▶ _Crawled caption data_
• • •

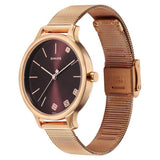 Sonata Play Maroon Dial Watch for Women 87050WM03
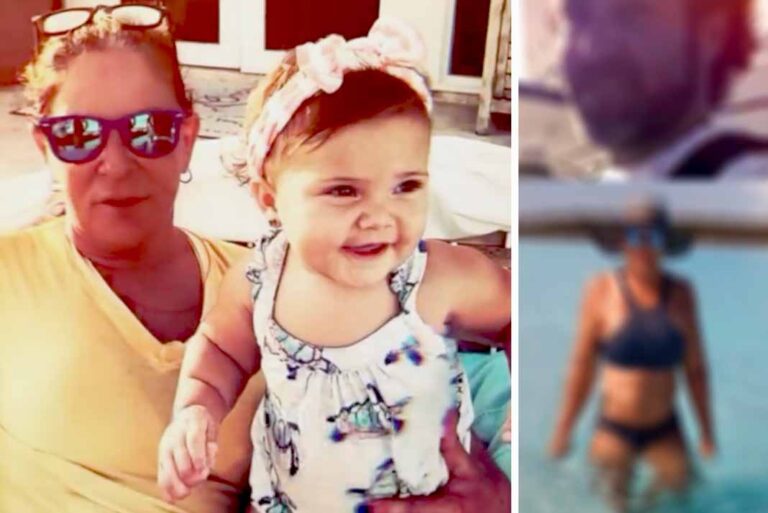 La jueza Ana María Polo pasó el día en el mar con su pequeña nieta y su hijo
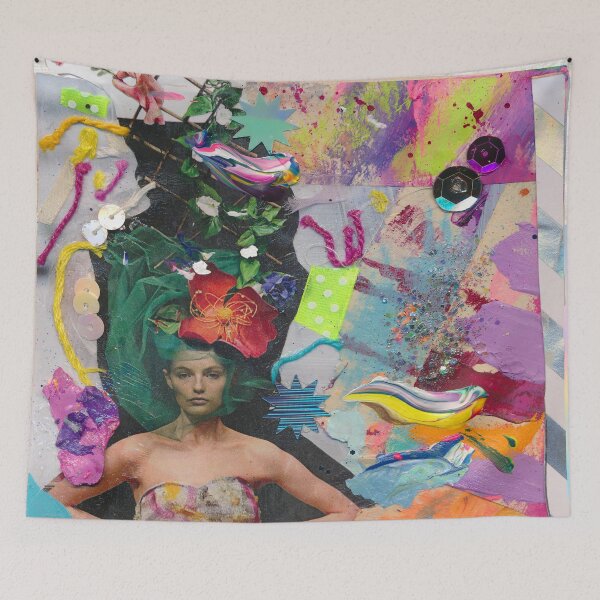 Item preview, Haute Couture Fashion Girl Mixed Media Painting designed and sold by Daydreamer Alley.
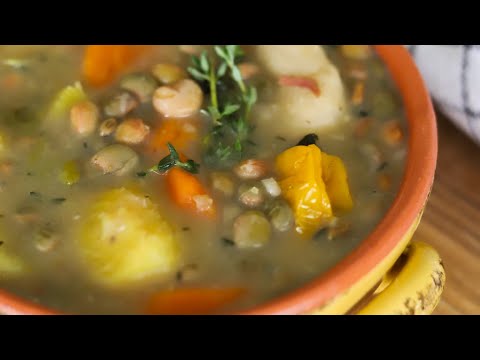 JAMAICAN GUNGO PEAS SOUP RECIPE | THE SEASONED SKILLET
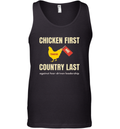 Chicken First Country Last Shirt Trump Taco Tank Top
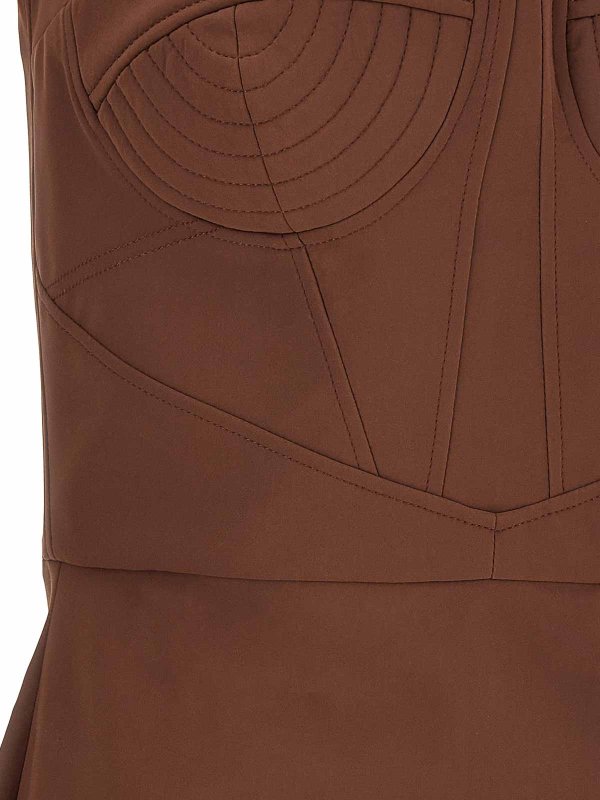 Nensi Dojaka Maddie Dress - Brown - Women | NDSS25DR243BROWN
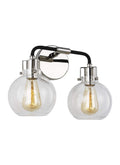 GENERATION LIGHTING Clara 2 - Light Vanity Polished Nickel VS24402PN/TXB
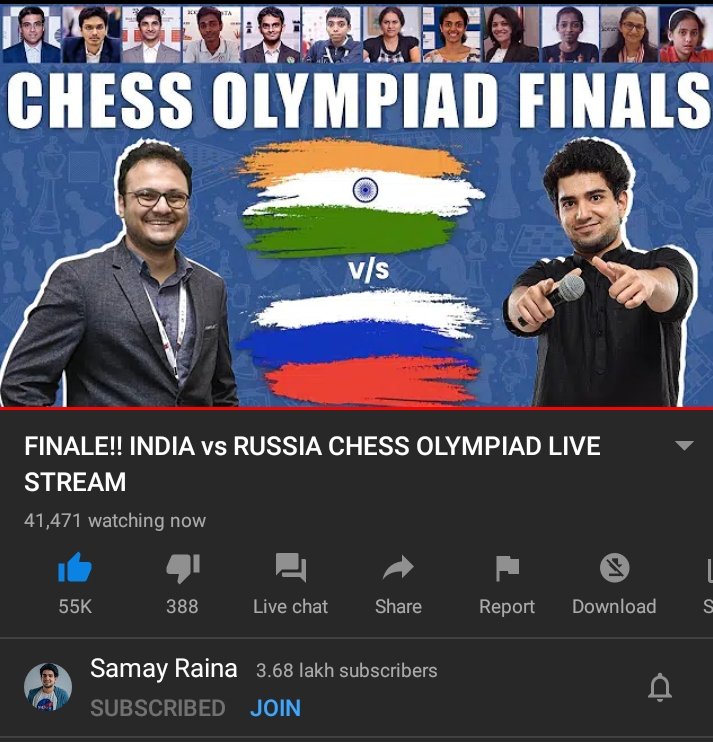 mr_perfect_278's tweet photo. whoooooo its a great final 
#ChessOlympaid 
#nihal https://t.co/roHxrvs0Bl
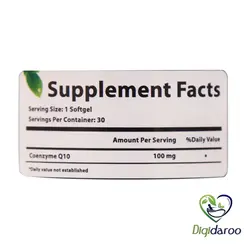 سافت ژل کو آنزیم کیوتن ۱۰۰ میلی گرم نورم لایف ۳۰ عددی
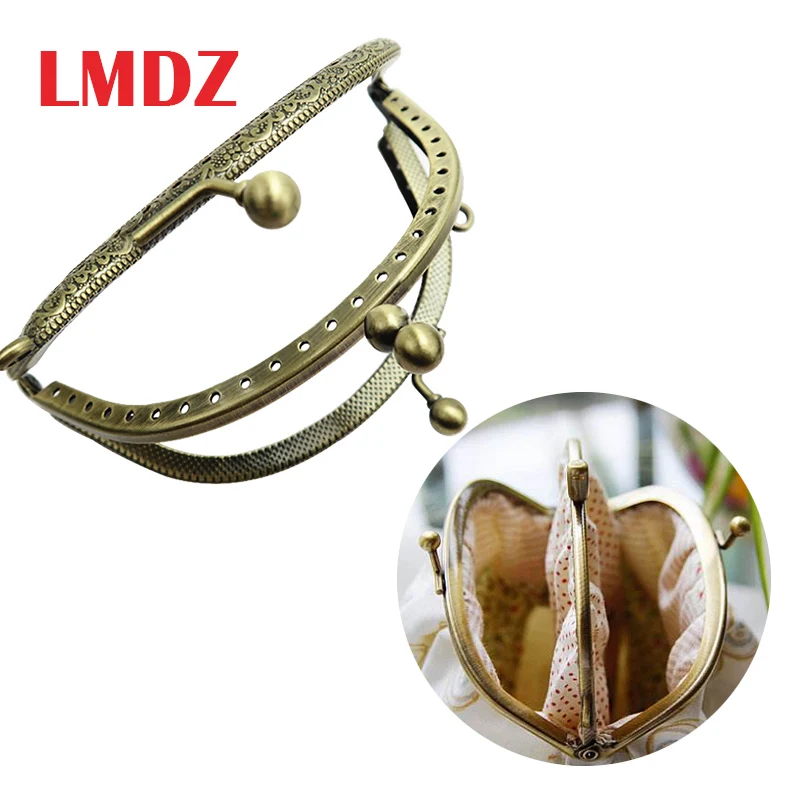 LMDZ 1Pcs 10.5cm Arch Double Clips Purse Frame Double layer DIY Metal Frame Purse for Clutch Coins Bag Handle Kiss Clasp Lock
LMDZ 1Pcs 10.5cm Arch Double Clips Purse Frame Double layer DIY Metal Frame Purse for Clutch Coins Bag Handle Kiss Clasp Lock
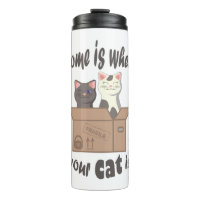 Funny quote Home is where your cat is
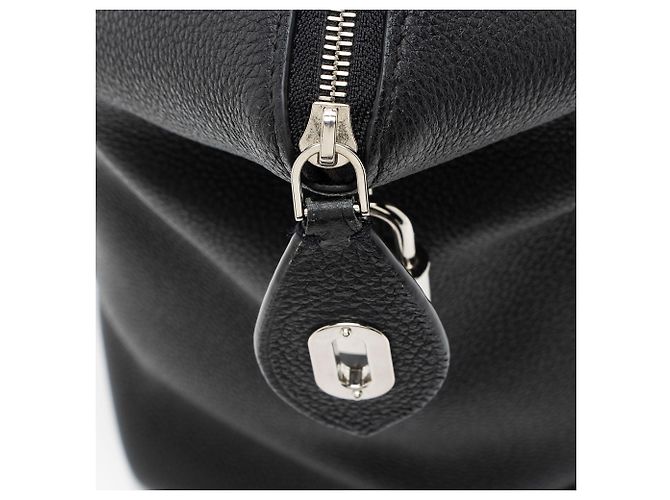 Borsa Soft Lockit MM in Taurillon Louis Vuitton Nero - vista 10
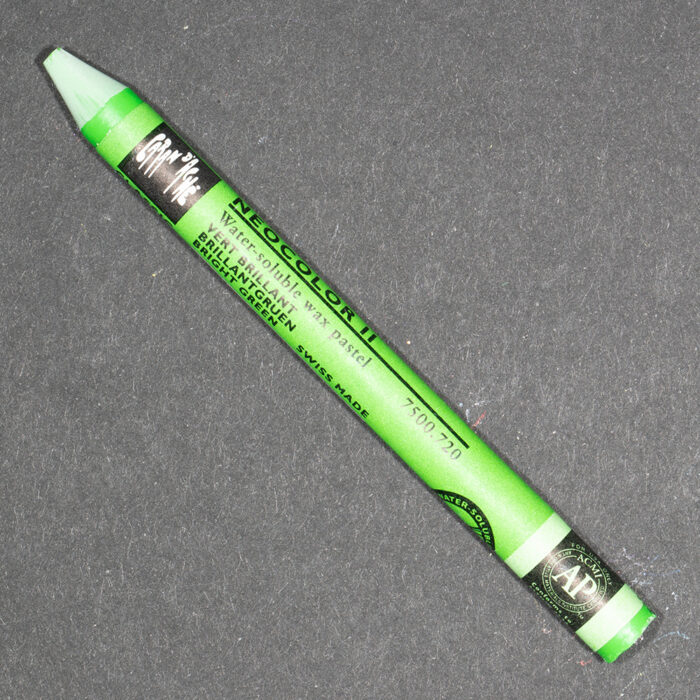 Bright Green Caran d'Ache Neocolor II Aquarelle Wax Pastel (720)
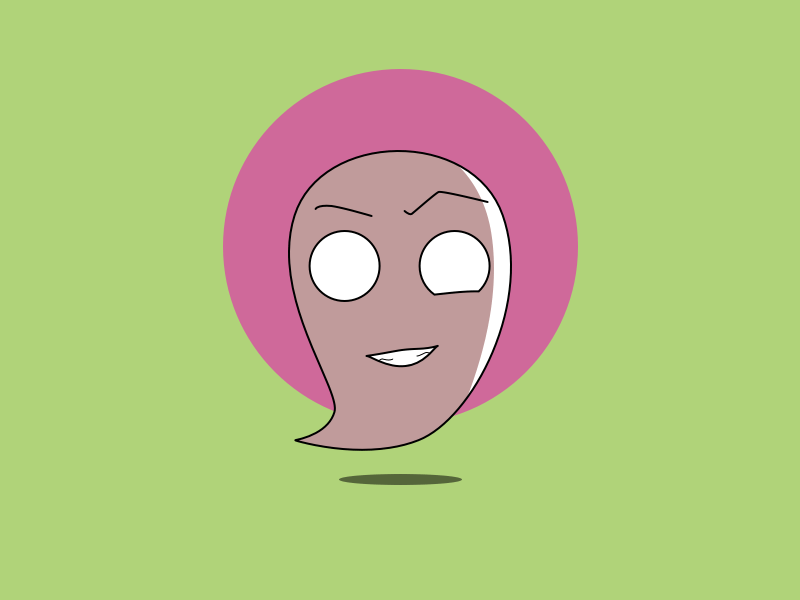 Twitchy Gwen angry animated eye ghost gif motion sketch twitch vector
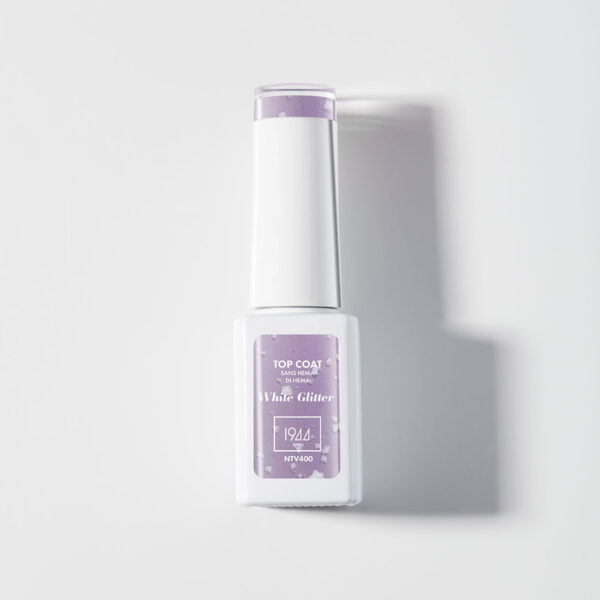 Der Top Coat – White Glitter
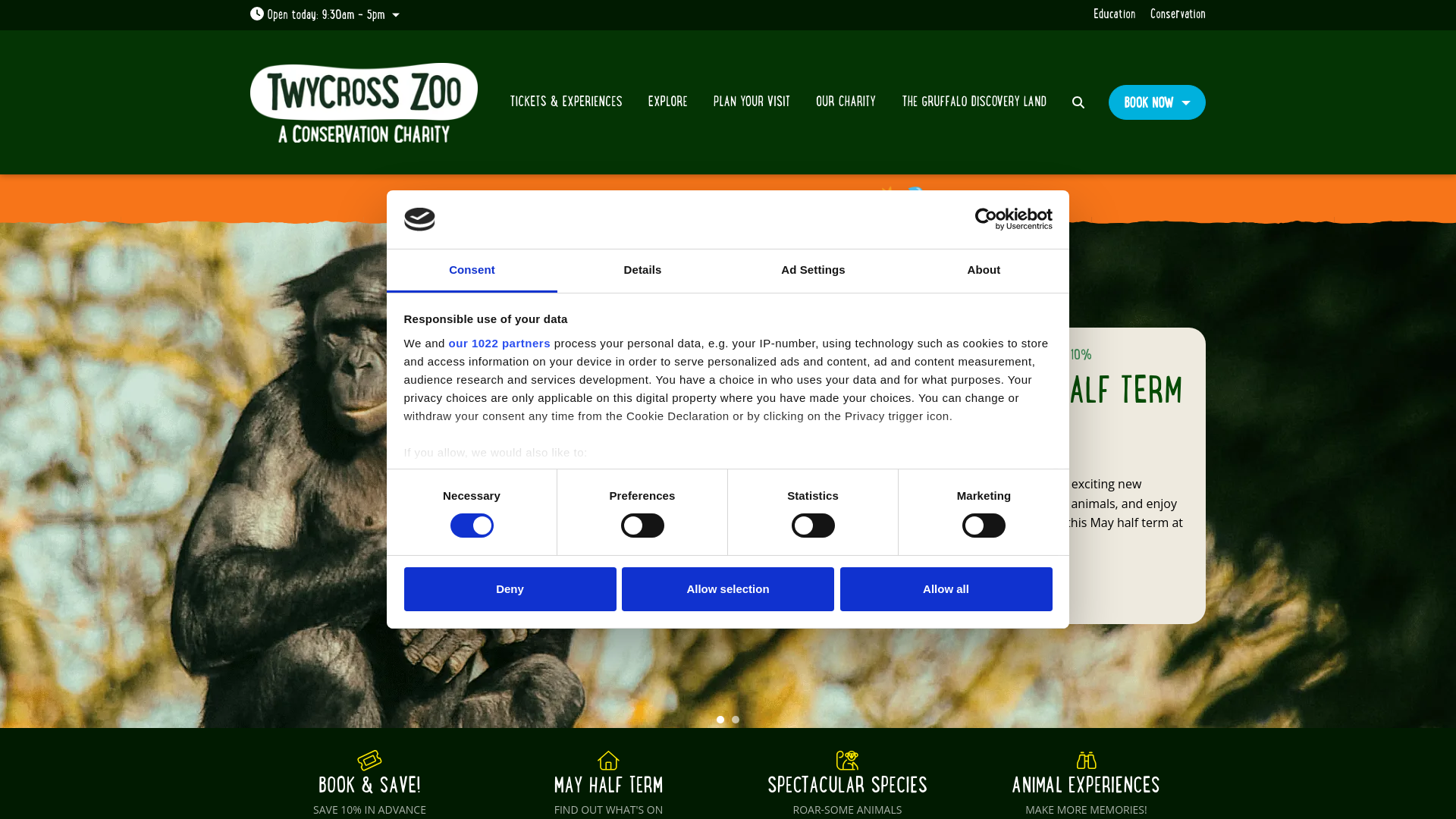 Website screenshot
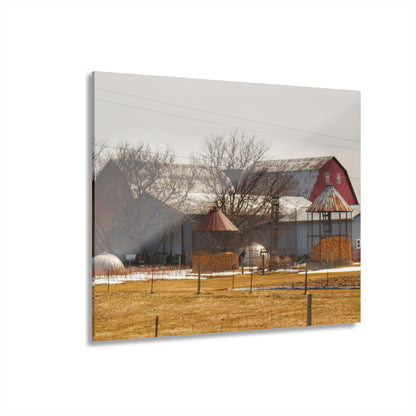 U R There Photography Hidden Red Rustic Farmhouse Acrylic Wall Print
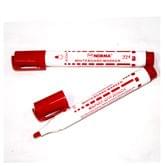 Набор маркеров для досок Norma, 2,5 - 3,5 мм, круглый пишущий узел, красный 224-01N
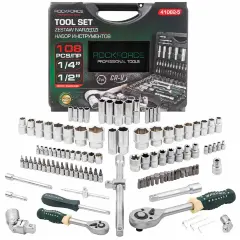 Набор инструментов 108пр. 1/4'',1/2''(6гр.)(4-32мм)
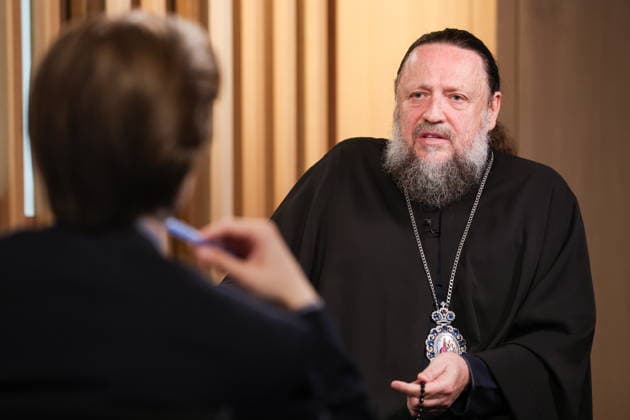 RUSSIA, MOSCOW - JULY 1, 2026: Bishop emeritus Gedeon (Kharon) of the Ukrainian Orthodox Church of the Moscow Patriarchate, gives an interview to the TASS Russian News Agency. Alisa Makarova TASS  94535986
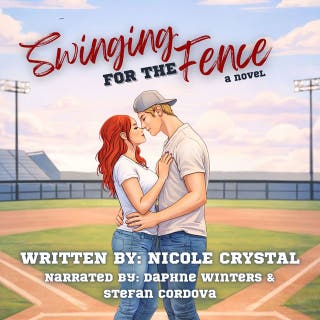 Swinging for the Fence – omslag till ljudboken av Nicole Crystal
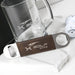 Custom Designed Gift Boxed Engraved Corporate 500ml Beer Mug and Leatherette Barmate Company or Client Promotional Gift
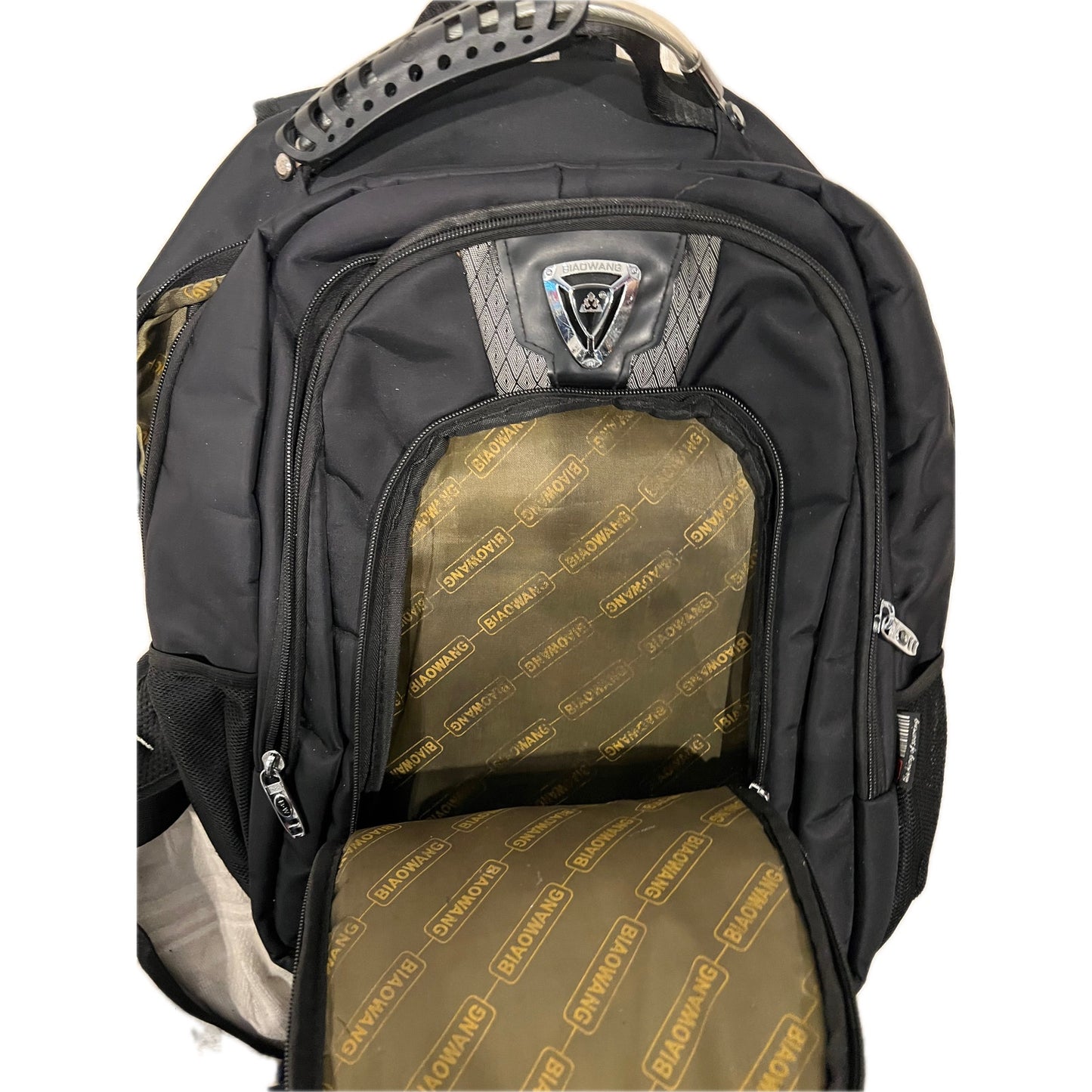BiaoWang Laptop Backpack Black Gray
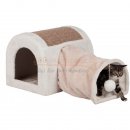 Katzen Kuschel Hhle - Tunnel LADINA ansteckbarer...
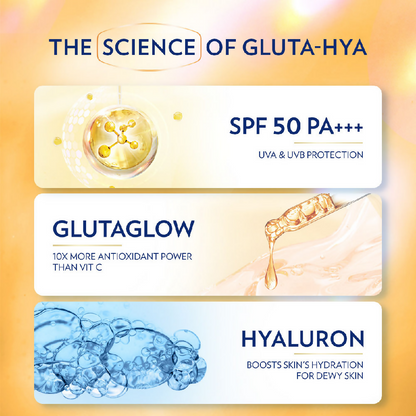 Vaseline Gluta Hya Antioxidant SPF 50 PA+++ Sunscreen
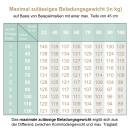 Wandregal | klein | schmal | zwei Fächer | variable Einlegeböden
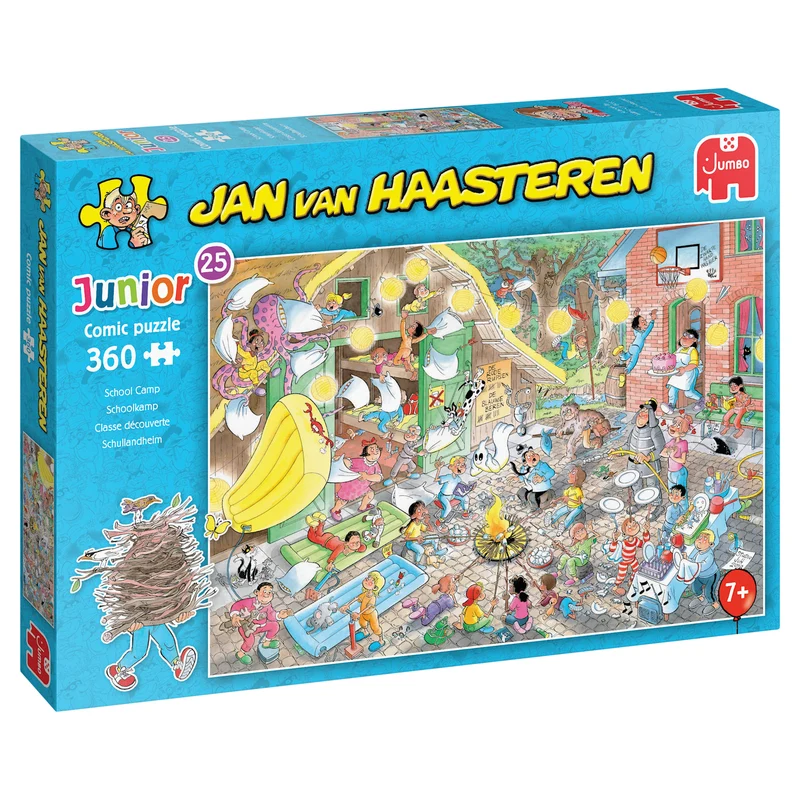 Jan van Haasteren Junior 25 - School Camp (360 pieces)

• • •

▶ _TASK INSTRUCTIONS_
Repeat each line of the records above exactly, but do not copy the pictures.

▶ _SOLUTION BELOW_
 Sonata Play Maroon Dial Watch for Women 87050WM03
 La jueza Ana María Polo pasó el día en el mar con su pequeña nieta y su hijo
 Item preview, Haute Couture Fashion Girl Mixed Media Painting designed and sold by Daydreamer Alley.
 JAMAICAN GUNGO PEAS SOUP RECIPE | THE SEASONED SKILLET
 Chicken First Country Last Shirt Trump Taco Tank Top
 Nensi Dojaka Maddie Dress - Brown - Women | NDSS25DR243BROWN
 GENERATION LIGHTING Clara 2 - Light Vanity Polished Nickel VS24402PN/TXB
 mr_perfect_278's tweet photo. whoooooo its a great final 
#ChessOlympaid 
#nihal https://t.co/roHxrvs0Bl
 سافت ژل کو آنزیم کیوتن ۱۰۰ میلی گرم نورم لایف ۳۰ عددی
 LMDZ 1Pcs 10.5cm Arch Double Clips Purse Frame Double layer DIY Metal Frame Purse for Clutch Coins Bag Handle Kiss Clasp Lock
LMDZ 1Pcs 10.5cm Arch Double Clips Purse Frame Double layer DIY Metal Frame Purse for Clutch Coins Bag Handle Kiss Clasp Lock
 Funny quote Home is where your cat is
 Borsa Soft Lockit MM in Taurillon Louis Vuitton Nero - vista 10
 Bright Green Caran d'Ache Neocolor II Aquarelle Wax Pastel (720)
 Twitchy Gwen angry animated eye ghost gif motion sketch twitch vector
 Der Top Coat – White Glitter
 Website screenshot
 U R There Photography Hidden Red Rustic Farmhouse Acrylic Wall Print
 Набор маркеров для досок Norma, 2,5 - 3,5 мм, круглый пишущий узел, красный 224-01N
 Набор инструментов 108пр. 1/4'',1/2''(6гр.)(4-32мм)
 RUSSIA, MOSCOW - JULY 1, 2026: Bishop emeritus Gedeon (Kharon) of the Ukrainian Orthodox Church of the Moscow Patriarchate, gives an interview to the TASS Russian News Agency. Alisa Makarova TASS  94535986
 Swinging for the Fence – omslag till ljudboken av Nicole Crystal
 Custom Designed Gift Boxed Engraved Corporate 500ml Beer Mug and Leatherette Barmate Company or Client Promotional Gift
BiaoWang Laptop Backpack Black Gray
 Katzen Kuschel Hhle - Tunnel LADINA ansteckbarer...
 Vaseline Gluta Hya Antioxidant SPF 50 PA+++ Sunscreen
 Wandregal | klein | schmal | zwei Fächer | variable Einlegeböden
 Jan van Haasteren Junior 25 - School Camp (360 pieces)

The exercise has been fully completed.